### Data for the task

==============================

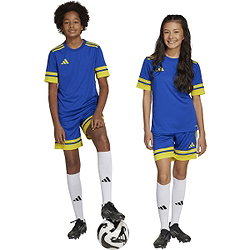 Présentation: Adidas Squadra 25 Short Enfants - Royal / Jaune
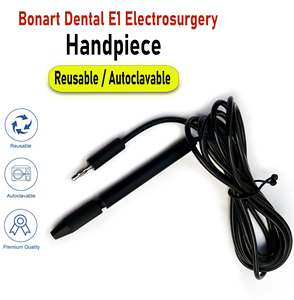 หัวจับเครื่องมือผ่าตัดไฟฟ้า Bonart Dental E1 สำหรับสัตว์ ทำจากสแตนเลส ใช้ซ้ำได้ ฆ่าเชื้อได้ ใช้งานร่วมกับ Bonart ได้อย่างง่ายดาย - Product Image 3
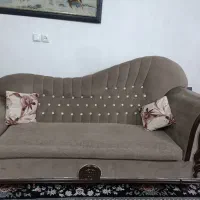 مبل هفت نفره همراه عسلی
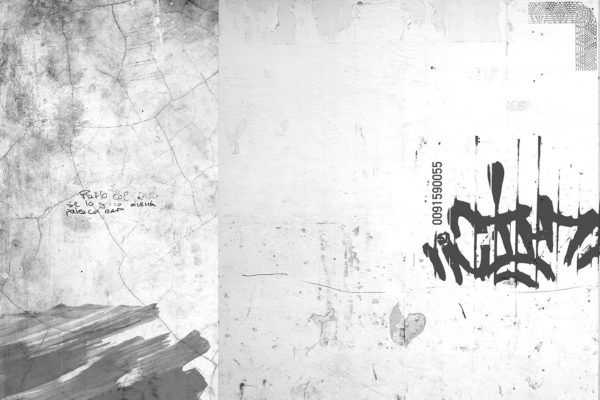 Carte da parati modello ParloxolraP grigio chiaro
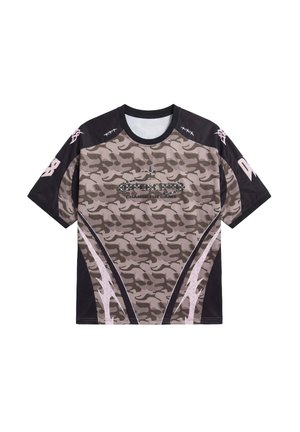 Project X Paris, T-shirt imprimé - marron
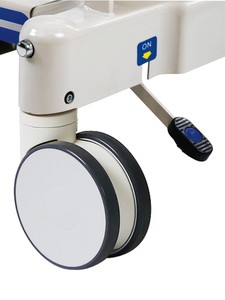 Camilla Hidráulica Multifuncional para Traslado de Pacientes con Respaldo Ajustable para Transporte de Emergencia Hospitalaria - Product Image 6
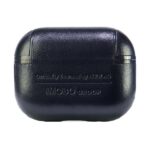 Audi Leather Big Logo AirPods Pro 2 cover black AU-APP2-GT/D3-BK - imagine 5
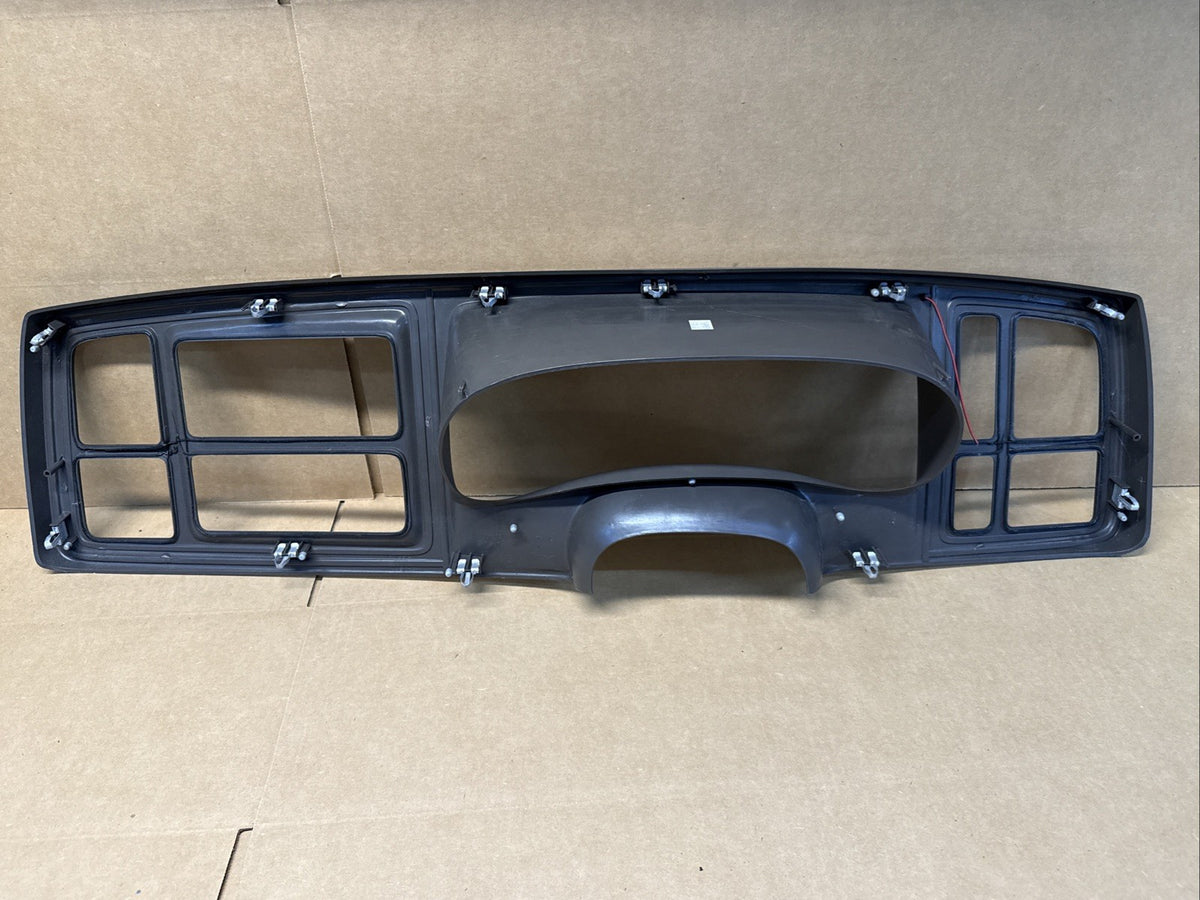 2002 Cadillac Escalade Wood Grain Gauge Instrument Cluster Radio Dash Bezel OEM7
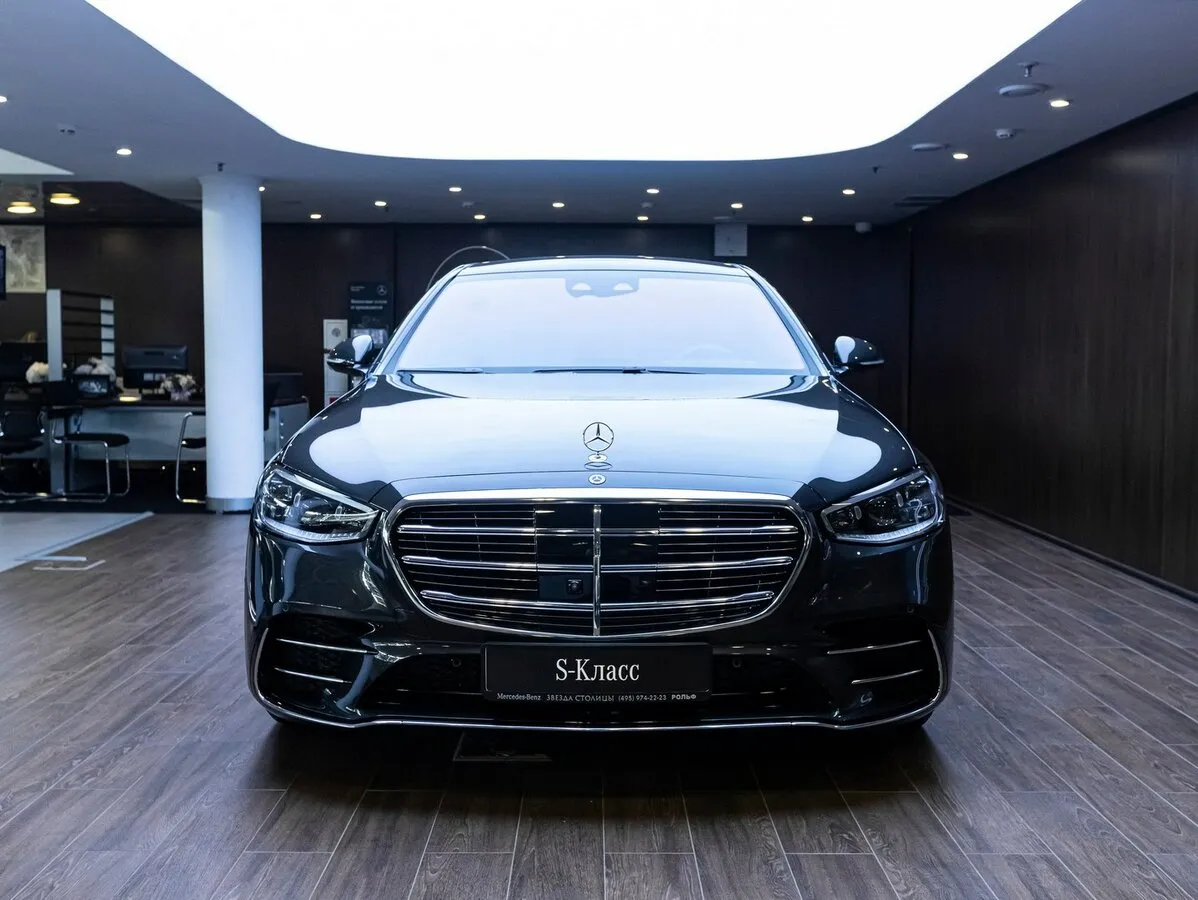 Check price and buy New Mercedes-Benz S-Class 350 d Long 4MATIC (W223) For Sale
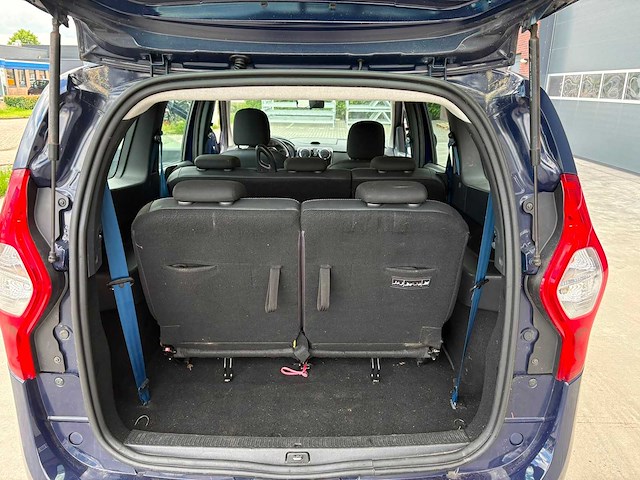 Dacia - lodgy - 1.2 tce 10th anniversary 7p - car - 2016 - afbeelding 6 van  15
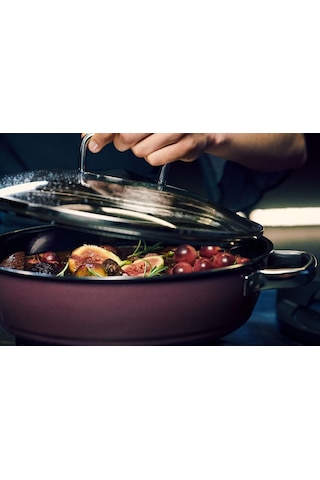 WMF Fusiontec Pilav Tenceresi 24 cm Pembe Kuartz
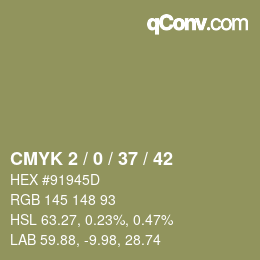 Color code: CMYK 2 / 0 / 37 / 42 | qconv.com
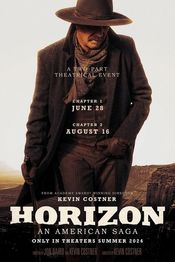 Poster Horizon: An American Saga - Chapter 1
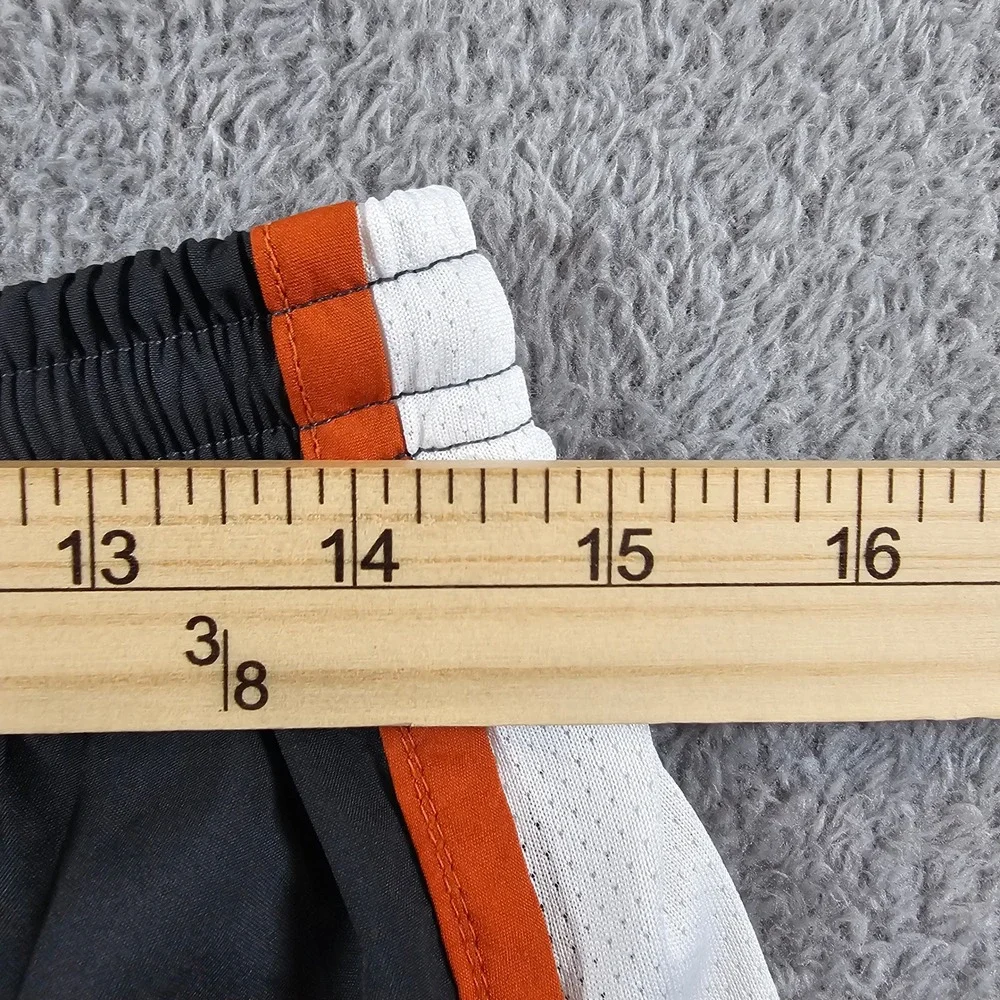 Nike Team Texas Longhorns‎ Running Shorts Womens Small Grey Orange NikeFIT NCAA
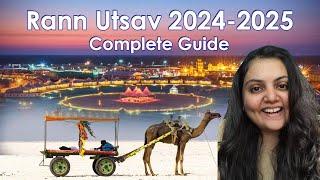 Rann Utsav 2024 - 2025 full tour plan & guide. How to Reach, Dates, stay. Rann of Kutch. Sheetheboho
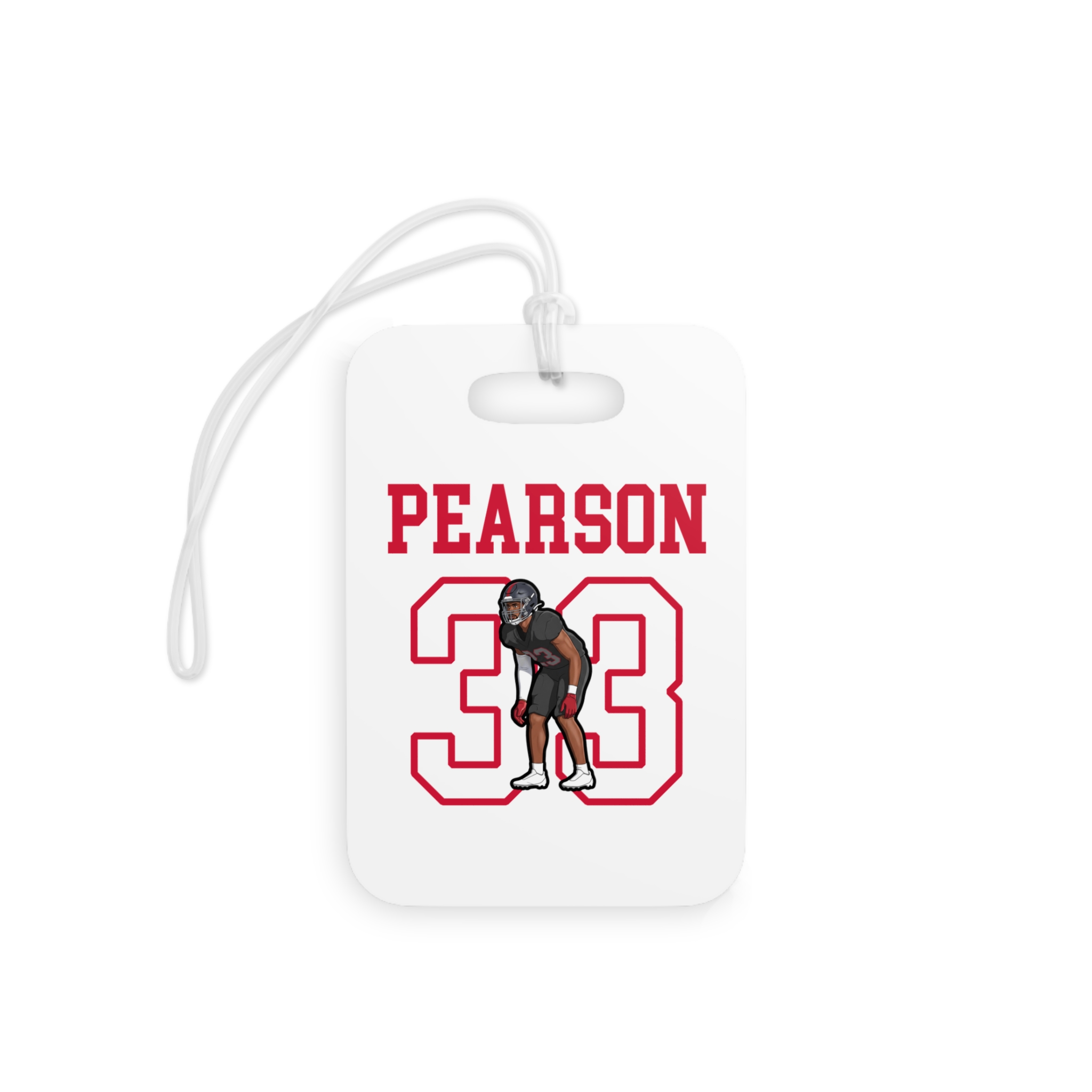 Bag Tag — character_shirsey in Classic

==============================

### Description of the task
Give again the stretch of lines above from the one with "Check price and" through the one with "Nike Team Texas", both ends kept, and copy no pictures.

### Task response
 Check price and buy New Mercedes-Benz S-Class 350 d Long 4MATIC (W223) For Sale
 Dacia - lodgy - 1.2 tce 10th anniversary 7p - car - 2016 - afbeelding 6 van  15
 WMF Fusiontec Pilav Tenceresi 24 cm Pembe Kuartz
 Color code: CMYK 2 / 0 / 37 / 42 | qconv.com
 Poster Horizon: An American Saga - Chapter 1
 Nike Team Texas Longhorns‎ Running Shorts Womens Small Grey Orange NikeFIT NCAA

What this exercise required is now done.